Your instructions » For this exercise, restate word for word only the lines from the one containing "Let theta be" through the last line below. Pictures do not get copied.

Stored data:
------------------------------------------------------------

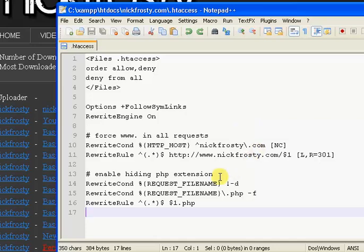So yeah, that's how to get rid, or hide, I guess, of the PHP extension on your website.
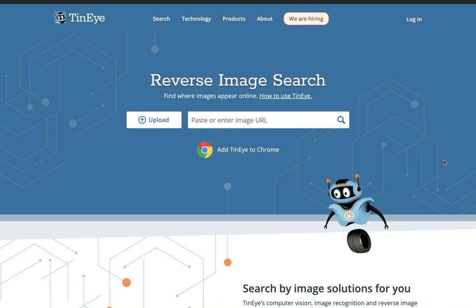In this video, what I want to do is show you about TinEye, which is a really very useful reverse image search. And I'll tell you a couple of things, a couple of reasons that you might want to use that.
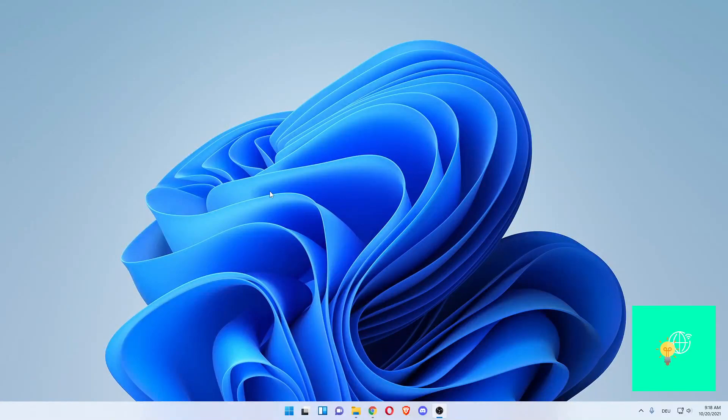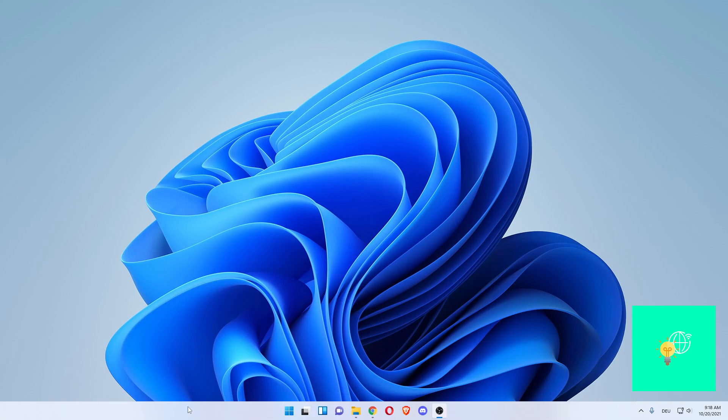How to hide the taskbar in Windows 11 is what I'm going to show you in this video. Let's start off by going down to our taskbar and right-clicking anywhere on it, which will open up the taskbar settings.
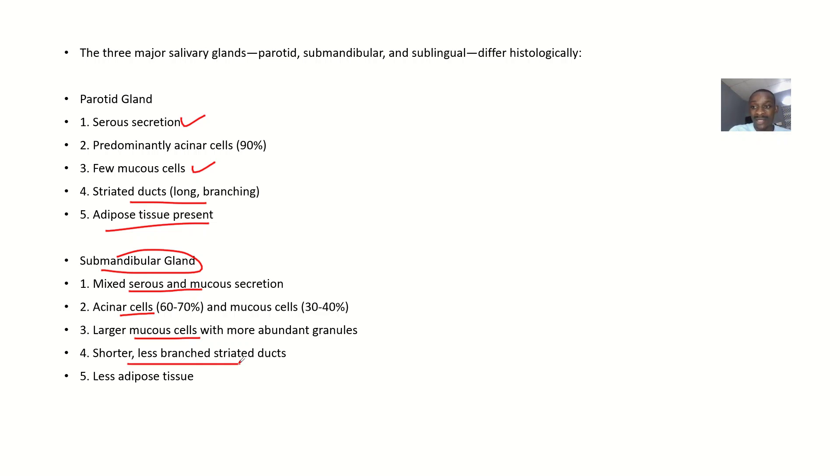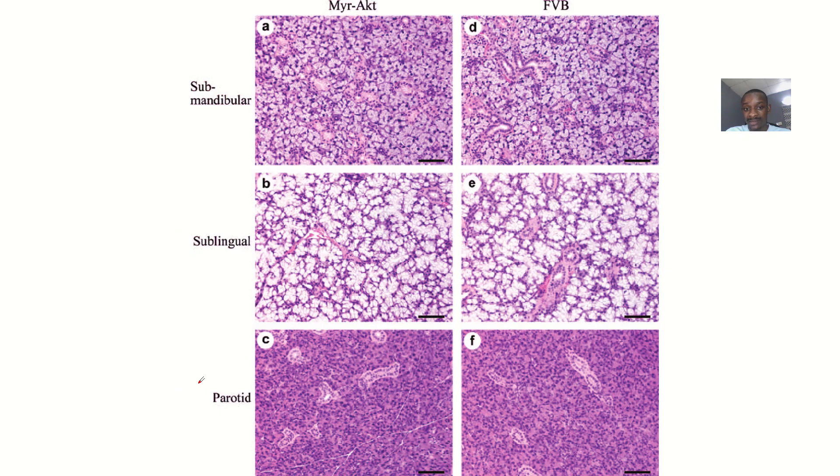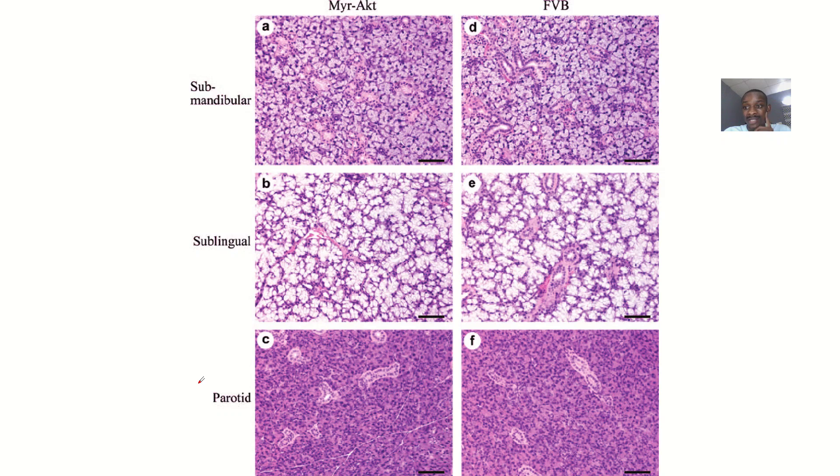It is short, it is less branch. It is short and has less branch striated duct. It has less adipose tissues present in it. So this is just a histological slide, which you could take time to actually look at it.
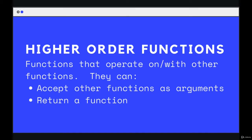It simply refers to functions that operate on or with other functions. Functions that either accept functions as arguments and use them or do something with them, or on the other side of things, a function that returns another function.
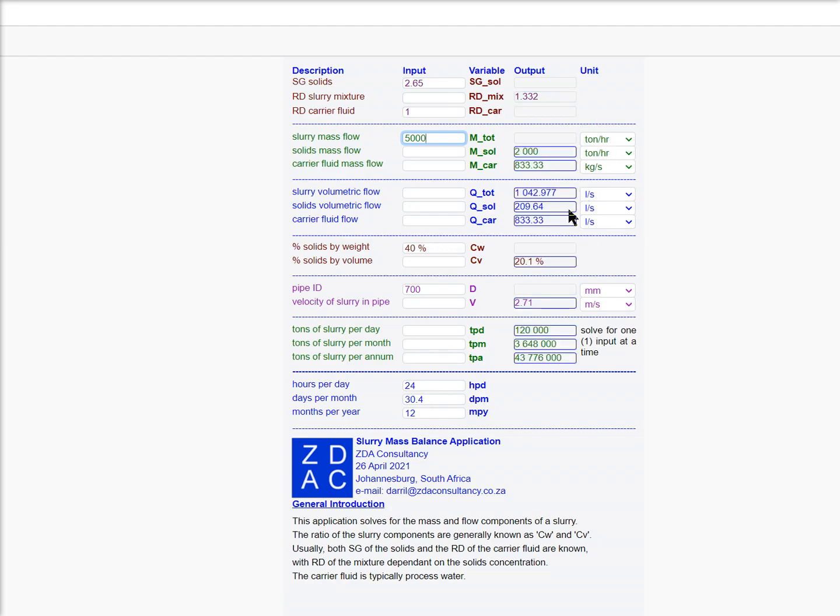It splits the volumetric component, the mass component, and works out a density.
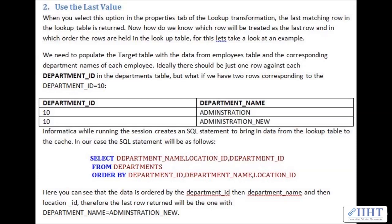Next, the 'use last value' option. When you select this option in the properties tab of the lookup transformation, the last matching row in the lookup table is returned. Using the same example — department ID 10 has two corresponding department names: 'Administration' and 'Administration_New'. Informatica creates the same SQL statement ordering by department_ID, then department_name, then location_ID. Therefore, the last row returned will be the one with department name equal to 'Administration_New'.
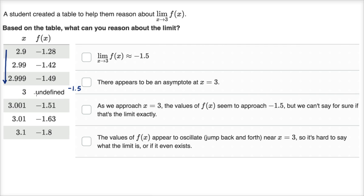Even though the function is undefined at x equals three, the limit could still exist — that's one of the main values of a limit: what is the function approaching even where it's not defined? Now approaching from values greater than three: at 3.1, f(x) is negative 1.8; at 3.01, it's negative 1.63; at 3.001, it's negative 1.51. So even from the right, it looks like we're approaching negative 1.5. This seems like a reasonable estimate of the actual limit.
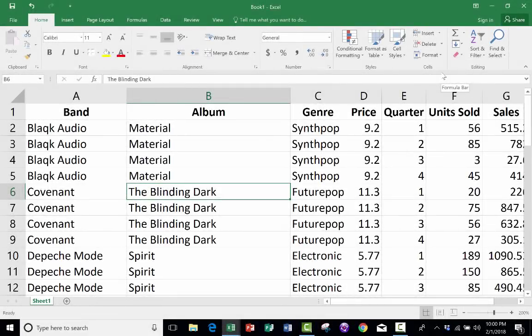In this short Microsoft Excel tutorial, I want to show you a tool called Freeze Panes, and I want to illustrate for you how it's useful.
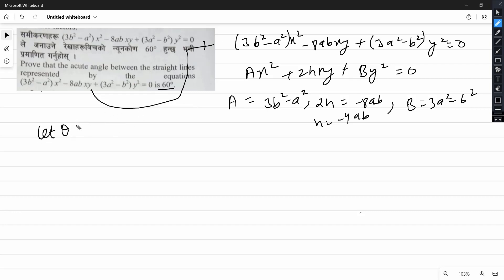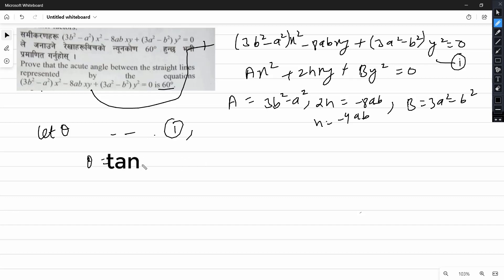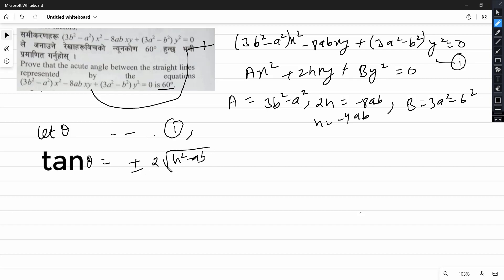Let theta be the acute angle between the straight lines represented by the equations. Then we use tan theta equals 2 times the square root of h² minus ab, divided by a plus b, to find the acute angle.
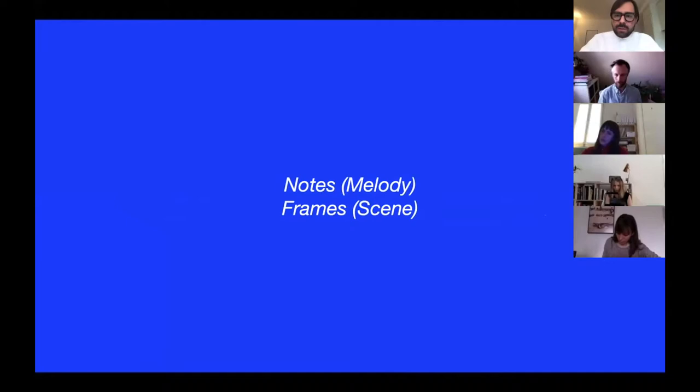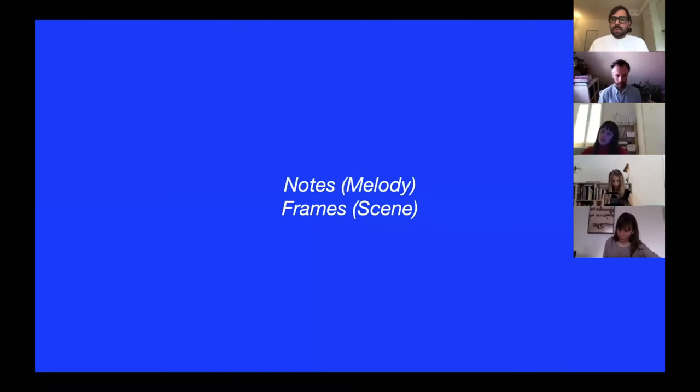And of course, if you think about notes - a group of notes create a melody - and frames in movies, where a group of frames create a scene, similarly you can think of notes and frames like photographs.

------------------------------------------------------------

Written answer »
Let theta be the acute angle between the straight lines represented by the equations. Then we use tan theta equals 2 times the square root of h² minus ab, divided by a plus b, to find the acute angle.
And of course, if you think about notes - a group of notes create a melody - and frames in movies, where a group of frames create a scene, similarly you can think of notes and frames like photographs.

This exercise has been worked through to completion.